[Stored data]
■ ■ ■ ■ ■ ■ ■

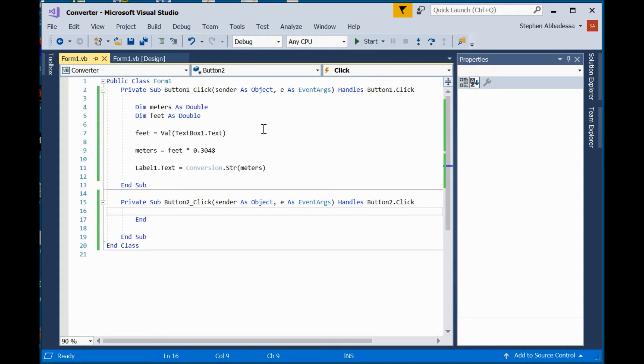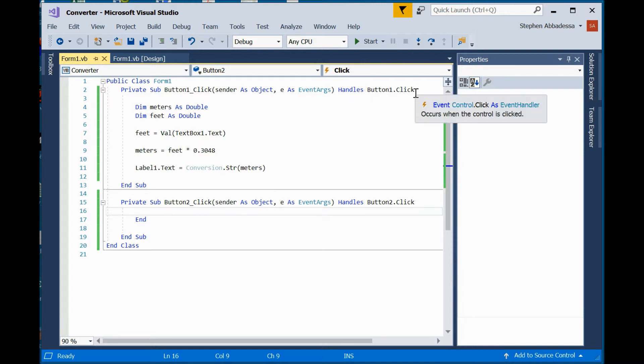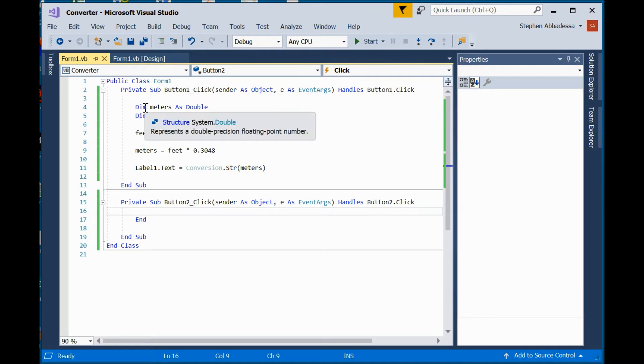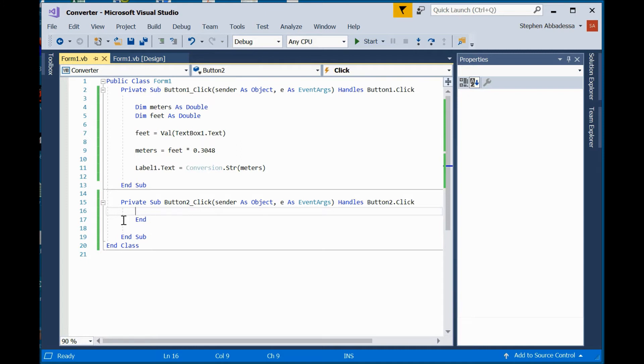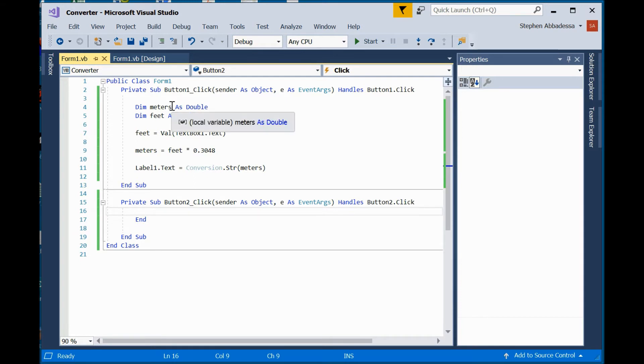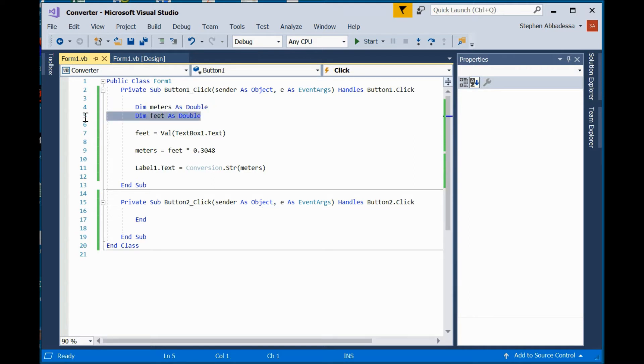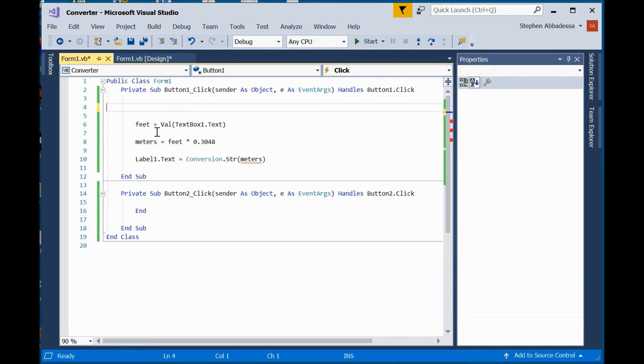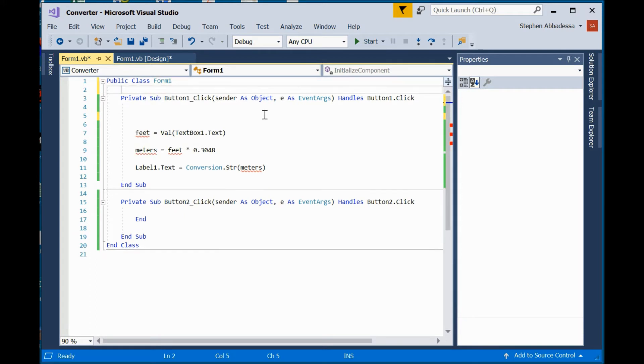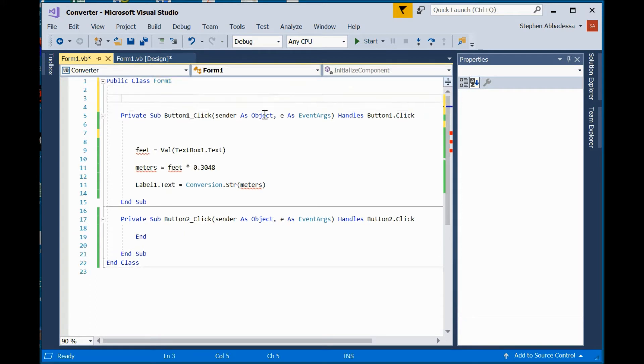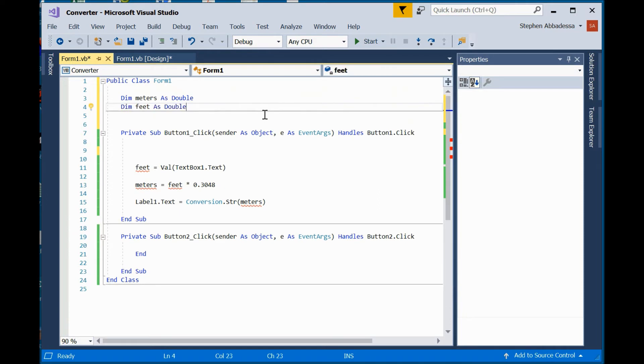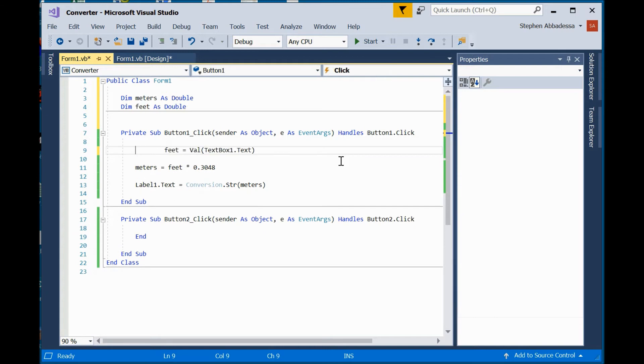In the first part of the program, I declared the variables in the event handler button click. Meters and feet do not exist in this event handler down here. I would have to redefine them if I wanted to use them in this end function. If I want to have my variables global so that these remain defined even when other functions are going on, I could cut them. I'll control X to cut them. And if I put them above all of the event handlers, this makes them global.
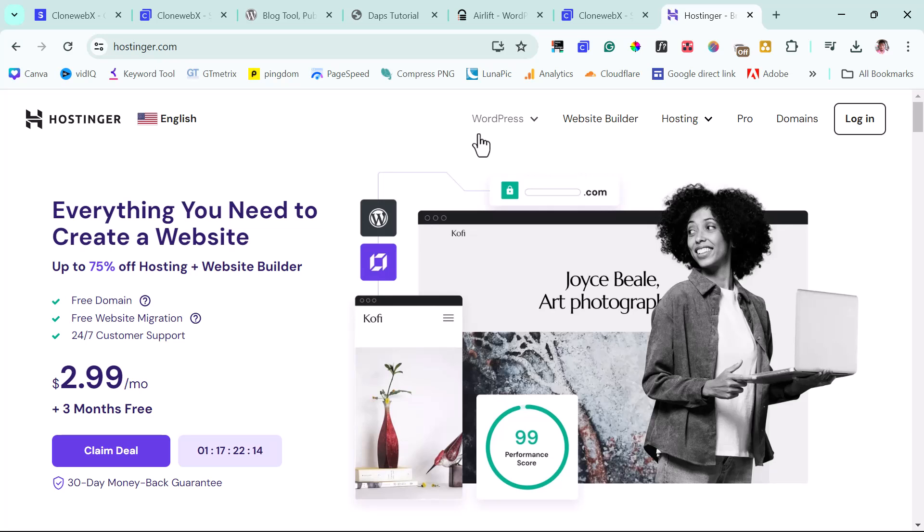So you can also check the video description for you to see a link to Hostinger. All of these links are affiliate links. They are no extra cost to you. As a matter of fact, if you check the video description, you would see my coupon code that will give you an amazing deal, even for CloneWebX and also for Hostinger.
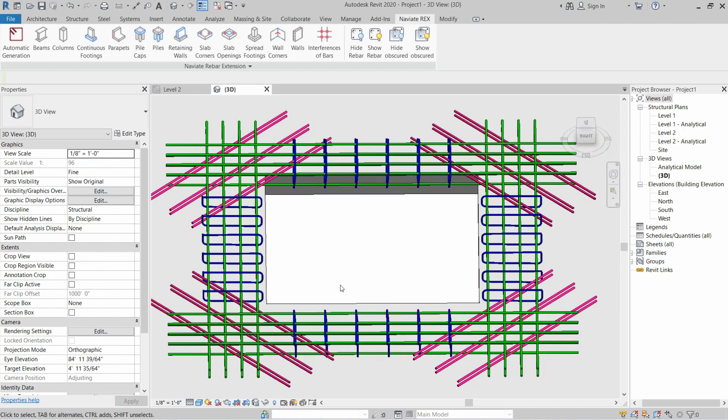As you can see, the rebars are now visible correctly and you can differentiate all of them from each other. I hope you enjoyed this video — please give a thumbs up.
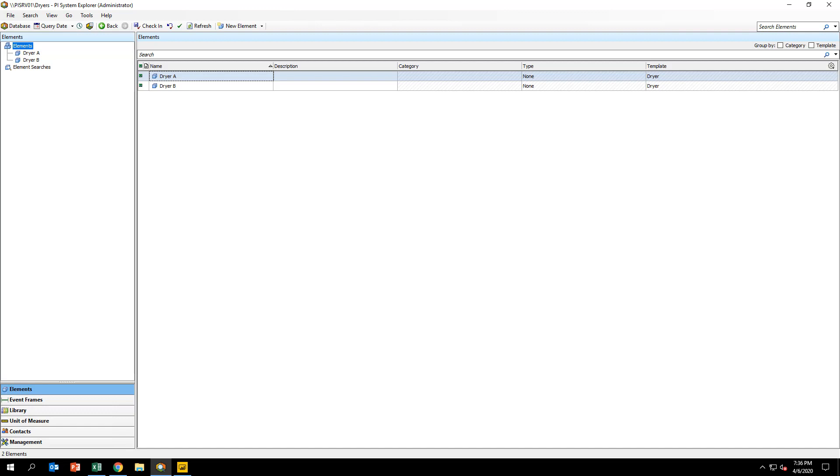Let's get started on creating the forecast analytic within AF Analytics to predict dryer generation times. From the Windows taskbar, open PI System Explorer and be sure you're connected to the dryer's database.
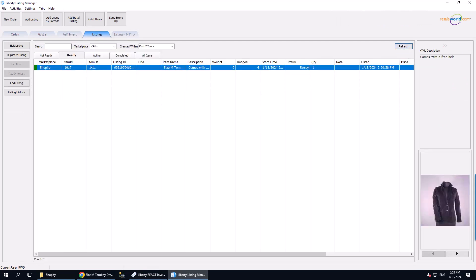We can now see the listing is ready to go back online. Again, this process can take up to 5 minutes so we will speed up the video until it is active again.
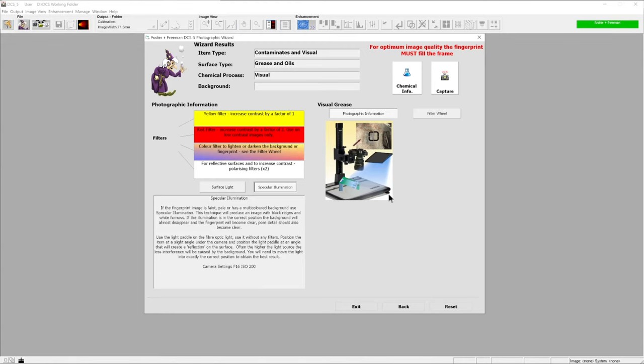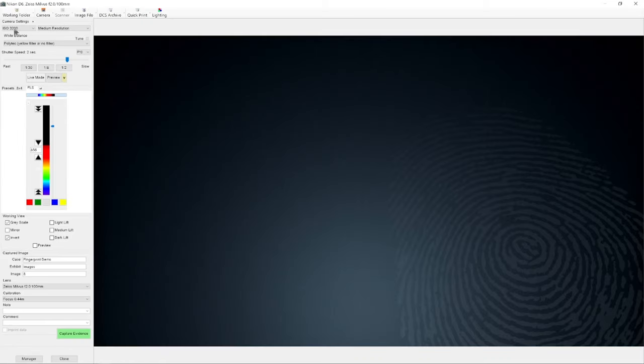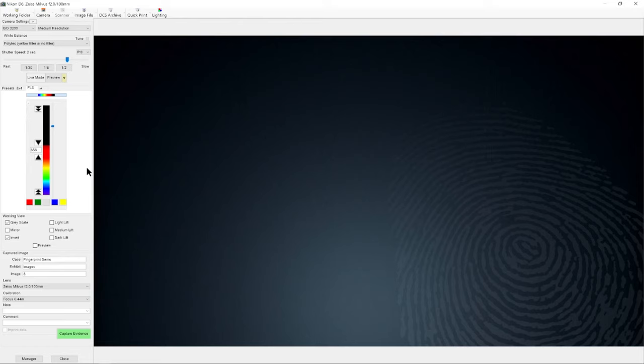Once we have read this outline, what we can do is press capture to come straight through to the capture screen and begin the capturing process. Actually, what we could do is, whilst the wizard is open, set up all of the lighting and then just press capture to come through to the capture screen.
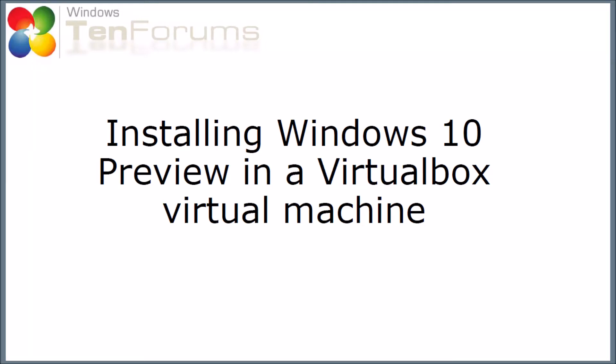Hello and welcome to 10forums.com. In this video I will show you how I install Windows 10 Preview in an Oracle VirtualBox virtual machine.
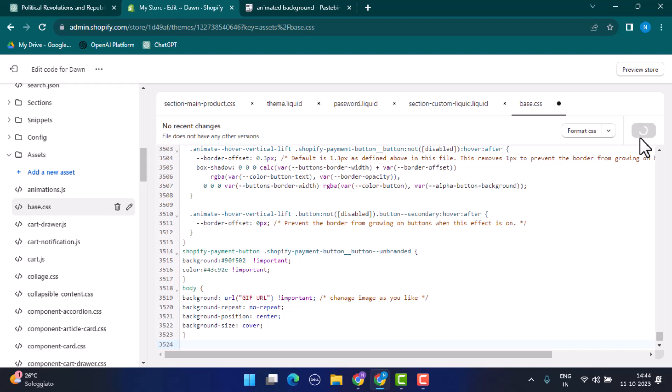After that, you've added animated background in Shopify. So that is how you can add animated background in Shopify. That is all for this video. I hope the video was helpful.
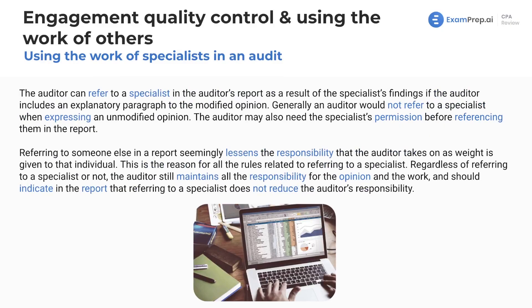What about referring to the work of a specialist in an audit report? This is important because we're talking about responsibility. If you refer to other work, there's a responsibility attached to that work — there's cross-referencing, and you're acknowledging that you used work that's not your own, so there are lots of implications here.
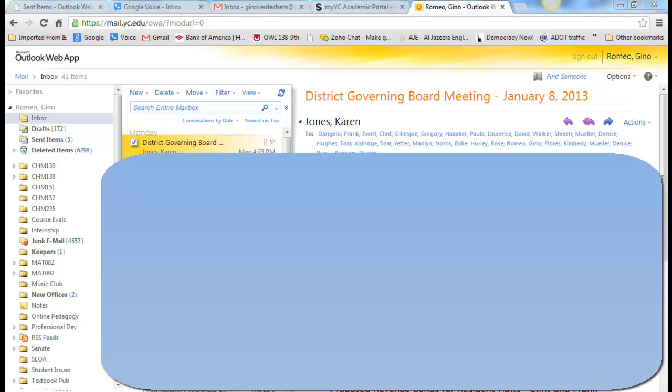You can use Outlook Web App, which is your email through the portal, to have messages forwarded to a different email address, or have a text message sent to your phone when an email arrives in your inbox.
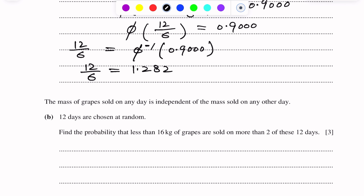From this equation, we solve for sigma: sigma equals 12 divided by 1.282, giving sigma equal to 9.36, correct to 3 significant figures.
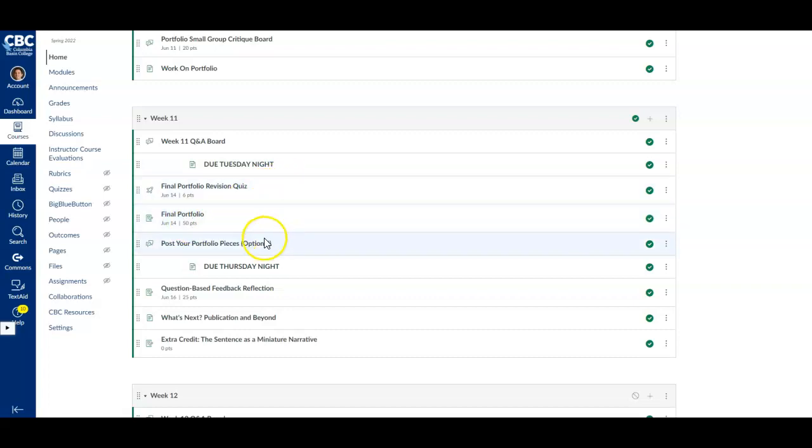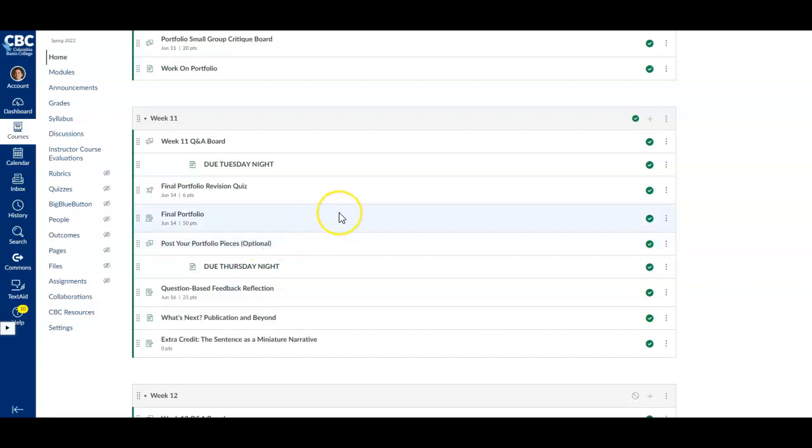You can also post your portfolio pieces for your classmates to view on this discussion board if you choose to do so, but that is optional.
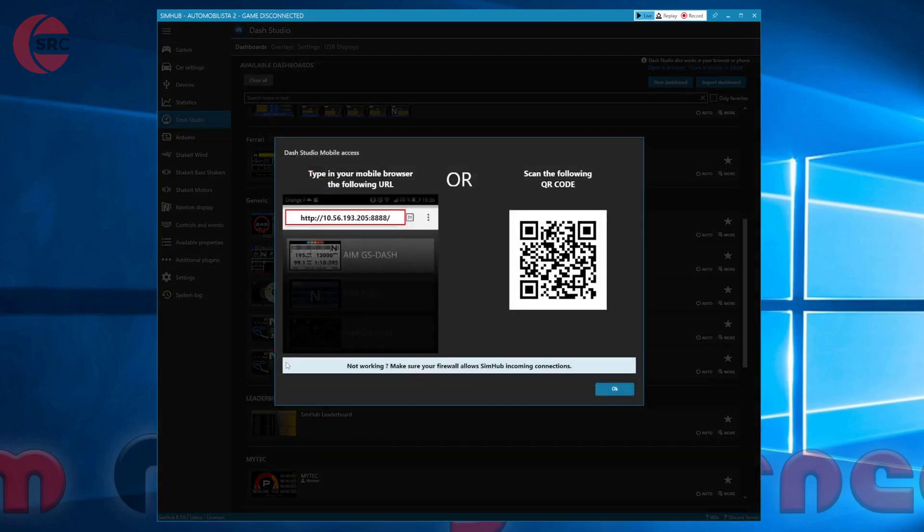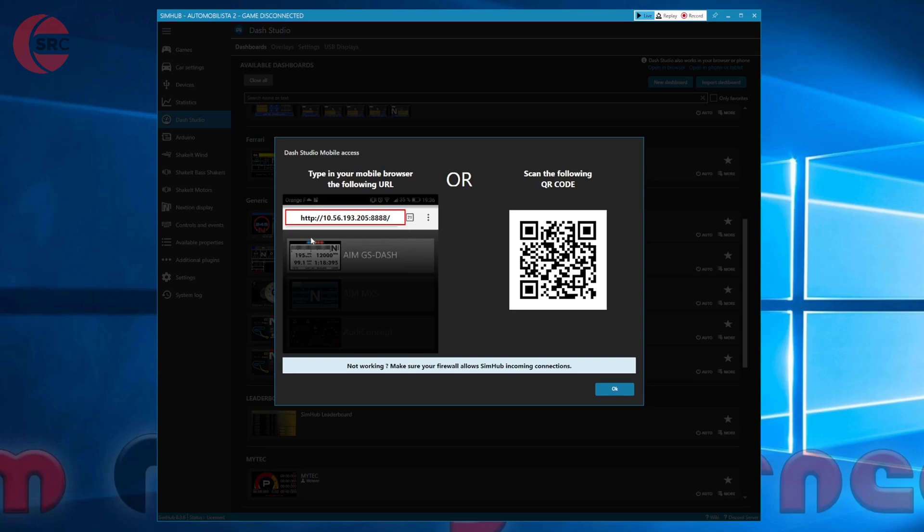Take note of the local area network address shown on your screen. The number will be different for you so don't use the one shown here. Type this address into a web browser on your phone or tablet.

■ ■ ■ ■ ■ ■ ■

| Problem description |
Each entry above is to be restated exactly, without its images.

| Response for this exercise |
In the first part of the program, I declared the variables in the event handler button click. Meters and feet do not exist in this event handler down here. I would have to redefine them if I wanted to use them in this end function. If I want to have my variables global so that these remain defined even when other functions are going on, I could cut them. I'll control X to cut them. And if I put them above all of the event handlers, this makes them global.
So you can also check the video description for you to see a link to Hostinger. All of these links are affiliate links. They are no extra cost to you. As a matter of fact, if you check the video description, you would see my coupon code that will give you an amazing deal, even for CloneWebX and also for Hostinger.
As you can see, the rebars are now visible correctly and you can differentiate all of them from each other. I hope you enjoyed this video — please give a thumbs up.
Let's get started on creating the forecast analytic within AF Analytics to predict dryer generation times. From the Windows taskbar, open PI System Explorer and be sure you're connected to the dryer's database.
We can now see the listing is ready to go back online. Again, this process can take up to 5 minutes so we will speed up the video until it is active again.
Once we have read this outline, what we can do is press capture to come straight through to the capture screen and begin the capturing process. Actually, what we could do is, whilst the wizard is open, set up all of the lighting and then just press capture to come through to the capture screen.
Hello and welcome to 10forums.com. In this video I will show you how I install Windows 10 Preview in an Oracle VirtualBox virtual machine.
After that, you've added animated background in Shopify. So that is how you can add animated background in Shopify. That is all for this video. I hope the video was helpful.
What about referring to the work of a specialist in an audit report? This is important because we're talking about responsibility. If you refer to other work, there's a responsibility attached to that work — there's cross-referencing, and you're acknowledging that you used work that's not your own, so there are lots of implications here.
You can use Outlook Web App, which is your email through the portal, to have messages forwarded to a different email address, or have a text message sent to your phone when an email arrives in your inbox.
From this equation, we solve for sigma: sigma equals 12 divided by 1.282, giving sigma equal to 9.36, correct to 3 significant figures.
You can also post your portfolio pieces for your classmates to view on this discussion board if you choose to do so, but that is optional.
Take note of the local area network address shown on your screen. The number will be different for you so don't use the one shown here. Type this address into a web browser on your phone or tablet.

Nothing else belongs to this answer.